If this all sounds rather anecdotal, there is a weight of academic evidence to support The Reader Organisation’s claims too.

A study carried out by the University of Liverpool in 2011 looked at the long term affects of participating in Get Into Reading, The Reader Organisation’s flagship program, on older people living with dementia.

They found that regular attendance was effective at improving the memory and concentration of patients, and had a positive long term impact on reducing symptoms such as delusion, anxiety and irritability.
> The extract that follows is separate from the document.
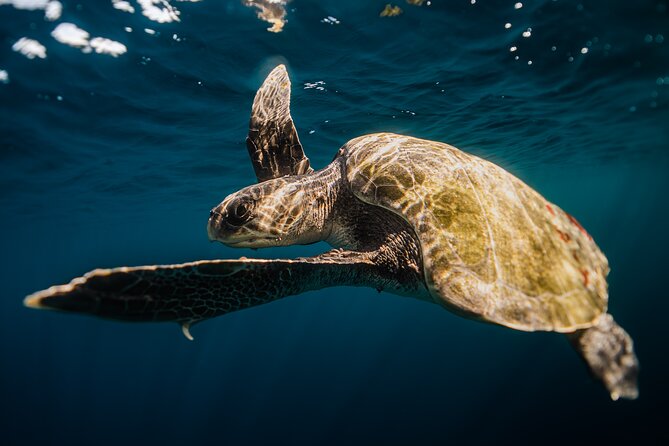 Open Ocean Safari and Whale Watching - Guides and photography: why this tour is memorable on camera
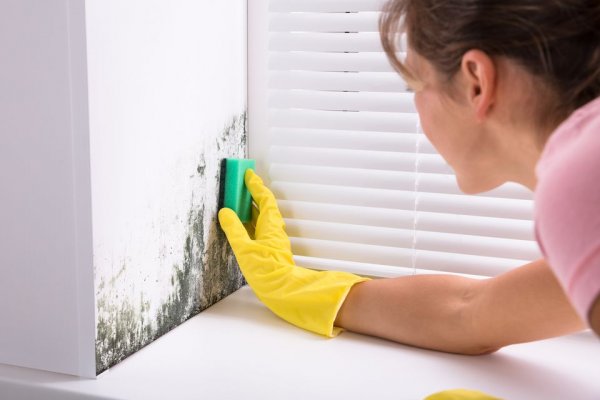 get-rid-of-mold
It concluded: “the Get Into Reading model should be extended to all care homes.”

Today, the Reader Organisation has just celebrated its tenth anniversary. It now runs 100 weekly reading group in its original home of Wirral alone, and has teams set up in ten different boroughs of London and areas of South Wales, Belfast, Durham and Glasgow – as well as sister projects in Denmark and Australia.

Speaking to anyone involved, from the nurses and volunteers who facilitate the groups to the readers themselves, what comes through is the overwhelming potential everyone feels the scheme has.

“There are a lot of areas of life where what we do could work,” Jane tells me when I ask about the future.

“The army for example. Veterans. People with post-traumatic stress – why not?”

Give it another ten years, and perhaps we’ll no longer see reading as simply as a source of pleasure or a route to education but a way to tackle diseases of both the body and mind.